Indeed they are. But there is a real duality here. On HN, I see links to both applications and documents. Both of them happen to be HTTP links, since the web supports both.

I am mostly interested in the documents.

If you have a document to present, perhaps you should present it as a document, instead of requiring users to run your application to present your document?



If you want a responsive document that scales to all different screen sizes, modern touch-sensitive navigation for the content of this document, view-able on all the cornucopia of mobile and desktop browsers today then you need to use JS. Yes, maybe one in ten thousand web devs are the CSS master-wizards who can find a declarative way to do everything everywhere on any browser but it usually takes 10x the effort. Simpler to just use tested JS libraries


This seems pretty responsive to me:

http://motherfuckingwebsite.com/

>This site doesn't care if you're on an iMac or a motherfucking Tamagotchi.

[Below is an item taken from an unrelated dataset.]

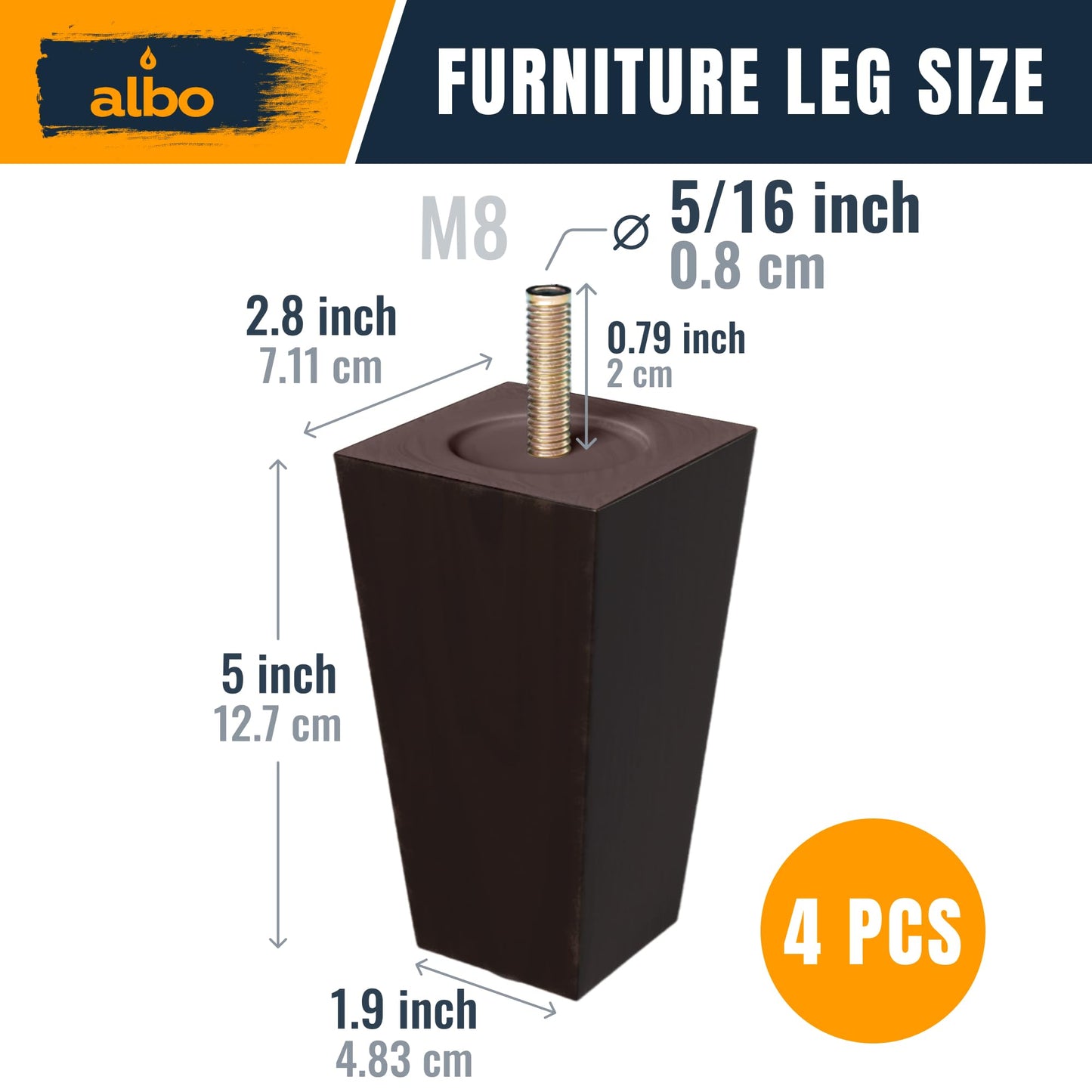 Albo Wood Furniture Legs 5 inch, Heavy Duty Sofa Legs, Pack of 4 Square Brown Couch Legs, Sofa Replacement Parts, for Dresser Legs, Sideboard, Recliner Couch, Circle Chair Couch Riser Coffee Table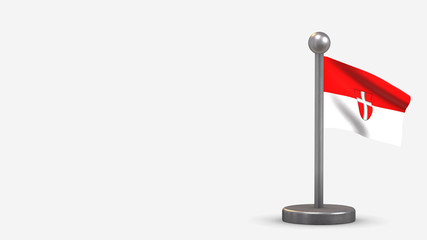 Vienna 3D waving flag illustration on tiny flagpole.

That link is the best thing that's ever happened to the internet.


Why should the static content be dynamic? The responsive look can be a cherry on top of the static content.

    $("#content").makeResponsive();


No one but a tiny minority is even aware of the duality.

It's nice to be able to rely on JS being there, just like it's nice to rely on having the correct DOM constructed since HTML parsing has been standardised. There are things that are much easier to do this way.